2. Referrers : This is a very useful statistic if you do some marketing for your blog. For best results, you may want to use just the domain of the url instead of the whole url for analysis. Using it you can figure out which sites drive traffic to your blog. If it is another blog, then it is a good idea to cultivate some friendship with that blog’s owner. For eg, for my blog , I found that digg drives more traffic that reddit. Also facebook drives some traffic to my blog – so I use WordPress’s facebook publicize feature. I also find that I get some traffic due to WordPress’s related posts feature which means that I must use good use of categories and tags. Your mileage may vary but I hope the basic idea is clear.
3. Individual Post Views : This is probably the most useful set of statistics. Basically , it allows you to analyze the traffic of individual posts over a period of time. I have a file which associates a blog post with extra information : For eg it stores the categories, tags, original creation date, all modification dates etc. (If you are curious , I store the information in JSON format).

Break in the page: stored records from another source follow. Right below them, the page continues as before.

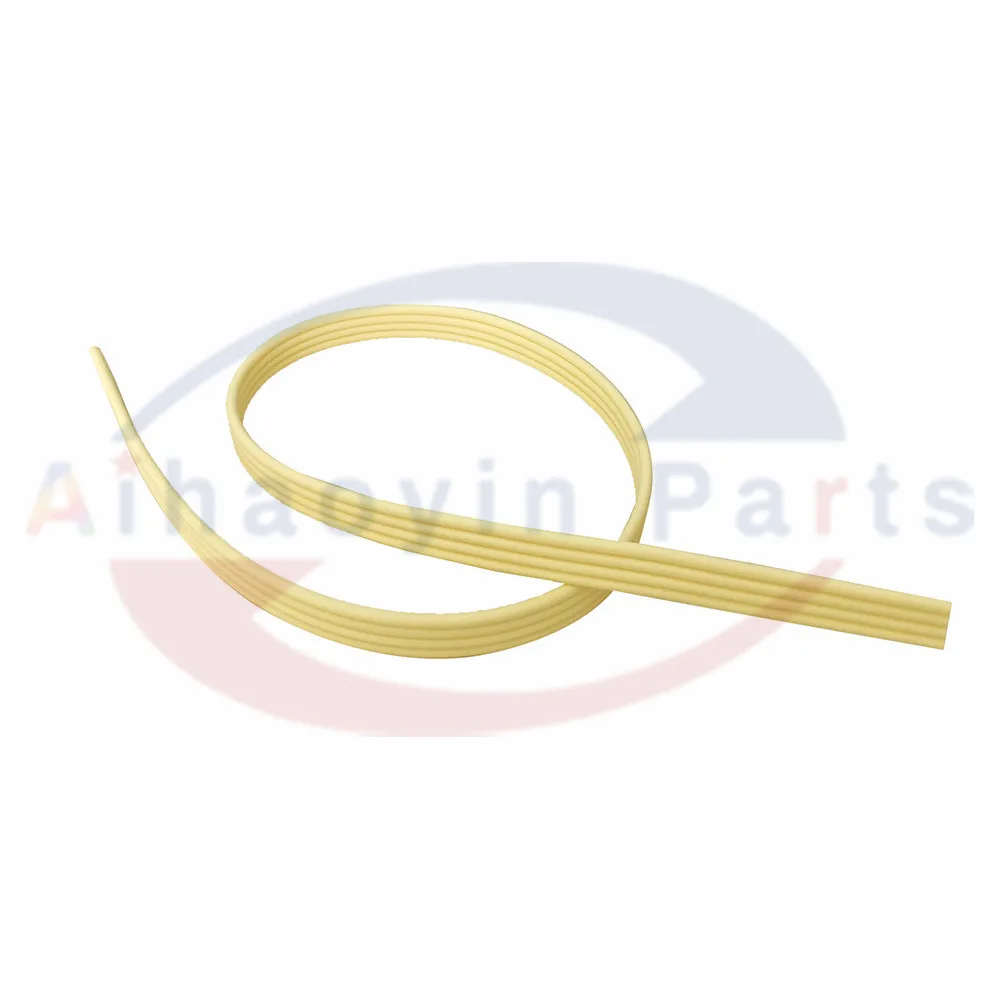 Подходит для HP 5810 всасывающая чернильная трубка в сборе шланг непрерывного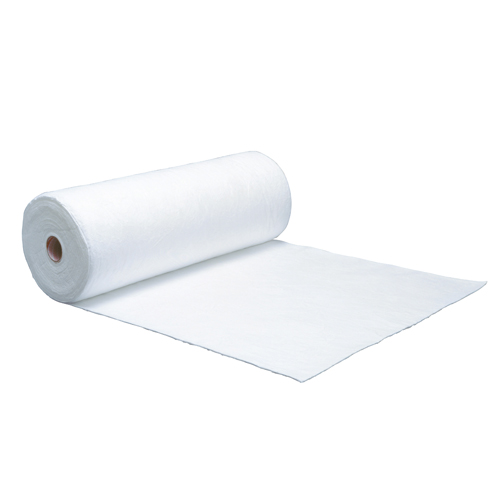 吸油剂 オイルソーベント(ペトロリウム) ABSORBENT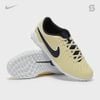 Giày bóng đá trẻ em Nike Tiempo Legend 10 Academy TF - Mad Ready Pack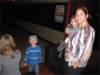 img_283901_small.jpg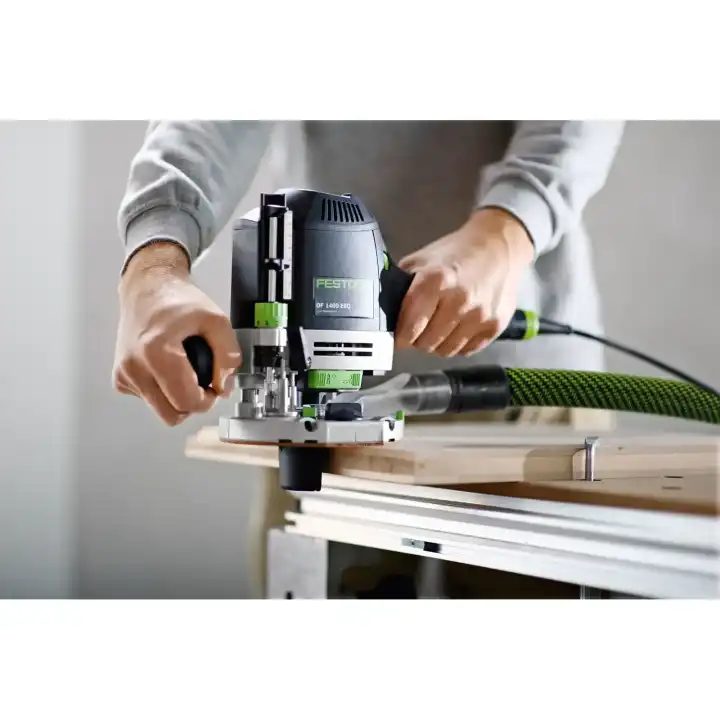 Défonceuse OF 1400 EBQ-Plus - Festool - 576207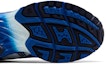 Purchase The Museum Visitor x ASICS Gel Kayano 14 'Perak Biru' 1203A528-020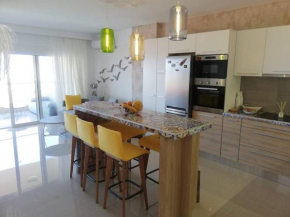 W Apartment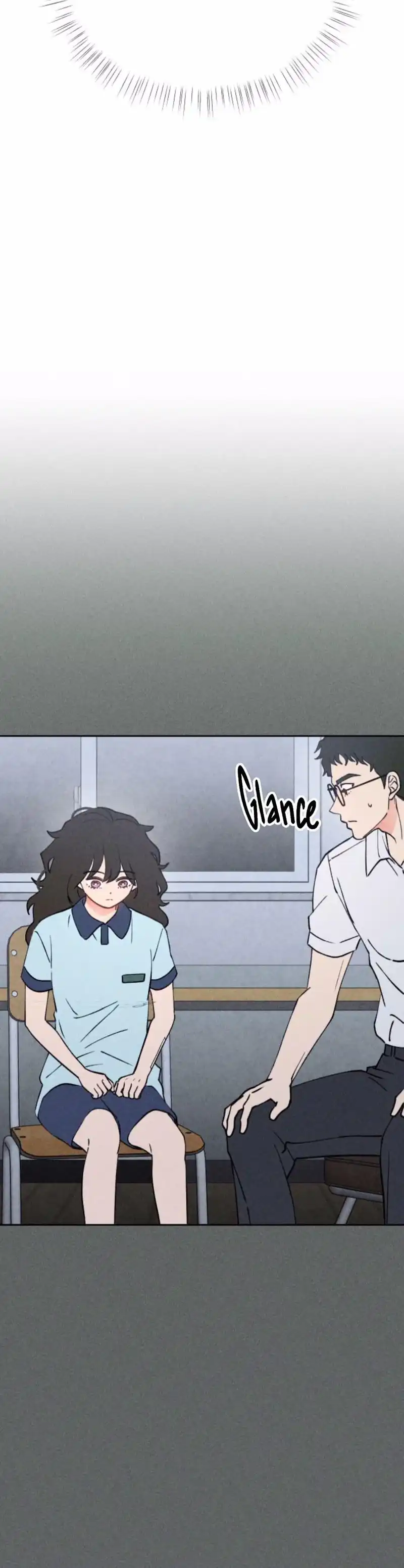 The Classmate Chapter 30 halaman 48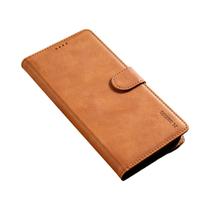 Capa De Couro Para Samsung Galaxy Série a A55 A15 A35 A25 A17 A56 A36 A14 A34 A54 A13 A23 A33 A53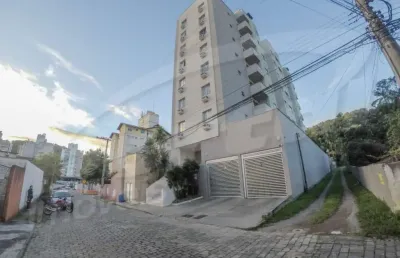Apartamento com 1 quarto para alugar na vila nova, blumenau , 72 m2 por r$ 1.650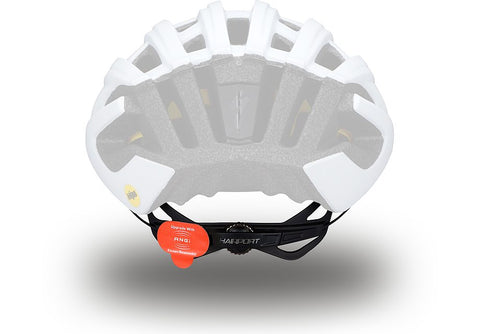 Specialized hairport fsl ii propero 3 angi fit system one color s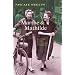 Marthe und Mathilde: Eine Familie zwischen Frankreich und Deutschland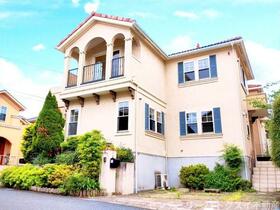 千葉県佐倉市西ユーカリが丘１丁目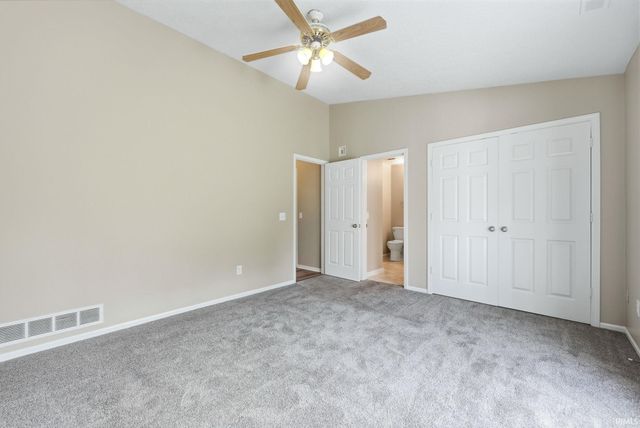 1718 Monet Cove, Fort Wayne, IN 46845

Once you have this information lot of analysis is possible.
a. You can figure out your audience type. If for a post, you have lot of audience in the first week and almost no audience from then on – then most likely your audience is driven by subscription. If it keeps having a regular traffic, then probably it has some useful stuff and traffic is constantly driven to it by search engines. For eg, my Biweekly links belong to the first scenario : When I publish one, lot of people visit it and then after a few days it gets practically no visits. In the other case, my post of Mean Shift gets a steady stream of views every week. If you want to sustain a good viewership, you may want to write more posts which can attract long term views.
b. If you use categories and tags wisely, you can tally the number of views per each category. This will give you an idea of the blog posts which users prefer. I noticed that my audience seems to like my Linux / Data Mining posts than other categories. So it is a good idea to write more of those posts.
c. You can kind of see a pareto effect in your blog posts. For eg, my top 10 blogs account for atleast 70% of my blog traffic. So if I could identify them correctly, I can write lesser posts but still maintain my blog traffic 😉
You can do lot more than these simple analysis but this is just a start.
4. Search Terms : This is another neat statistic. You can use it to figure out the primary way in which users access your blog. For eg, the ratio of total blog post view for a day and number of search terms for the day is quite interesting. If the ratio is high, then most of the people find your blog using search engines. In a way , this a potential transient audience whom you can convert to regular audience. If the ratio is small , then your blog gets views by referrers and regular viewers. This will assure you a steady audience , but it is slightly hard to get new people "find" your blog.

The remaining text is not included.